View Single Post
Guest | Posts: n/a | Thanked: 0 times | Joined on
#69
Originally Posted by switch-hitter View Post
That's not right either, first off do you have all the market covered, secondly do you want to have all the market covered?
Huh? Either you have the ability to fulfill the demand of a growing market are you cannot. The factors around that ability boils down to pure sales. Either you have the sales or you do not. And within a growing market, you're to have growth.

It didn't happen for Nokia. It happened for Apple (newcomer) and Android (newcomer). It didn't also happen for BlackBerry (established player).

If most of the growth was in high glamour devices then NOKIA could not benefit from that growth as they had not produced such a device, just ugly, under-powered but functional ones.
Have to ask if you mean high glamour means iPhone or Vertu.

The N8 was the first attractive smartphone NOKIA had produced in a long while but that was scuppered within weeks of being released by the 'burning platforms' fiasco.
The N8 depended upon the camera and not much else during a time where more was expected.
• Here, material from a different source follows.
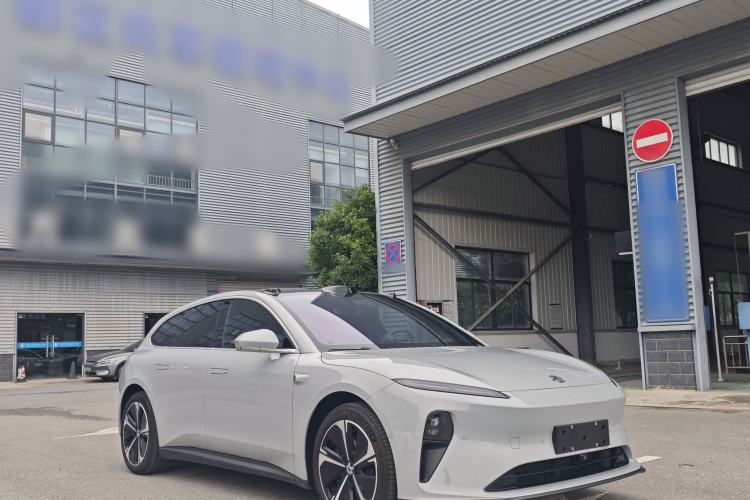 Used Nio ET5T 2024 75kWh Touring Exterior 4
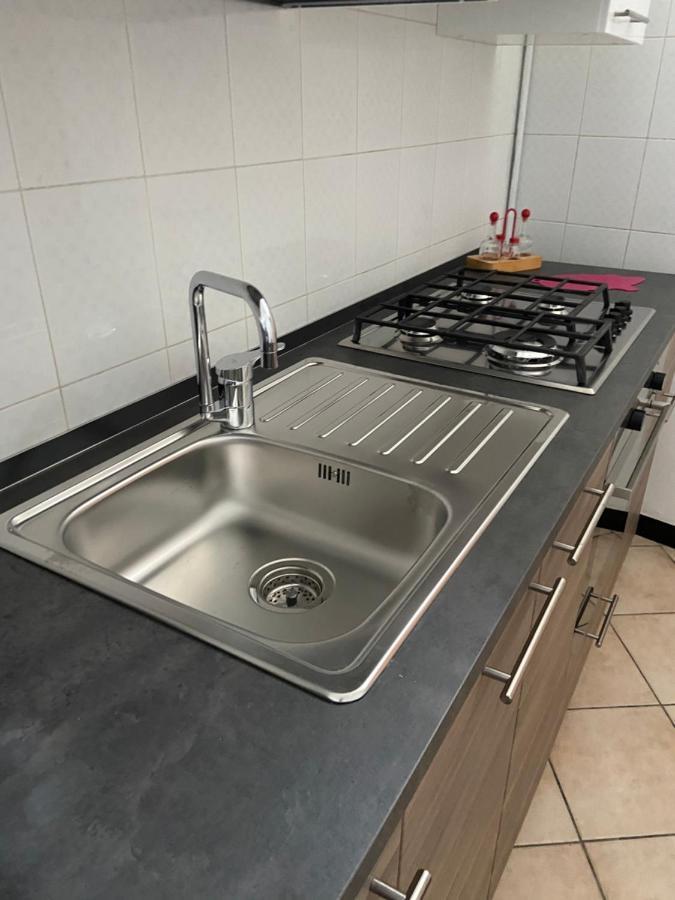 Ferienwohnung Be Happy Monopoli Exterior foto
Same for the 808.

If most of the growth was amongst extremely cheap low margin devices you might well make a concious decision not to compete but instead to cherry pick the market segments with more attractive returns, no point in being a busy fool.
Nokia was in all of those markets quite comfortably for ages. They were rendered old hat by the encroachment of Android and Apple into the lower end of that spectrum in most Euro markets due to pricing deals and perceived functionality at a lower price. In the North American markets, Nokia has been relegated to cheap flip phones or expensive gifts that you had to buy blindly online or travel 1000's of miles to pick one up.

The fact is NOKIA had growing sales and decent margins, now they have neither.
Growing sales, that had either peaked, or were going to plateau. We'll never know now. But you are right about now... they have neither.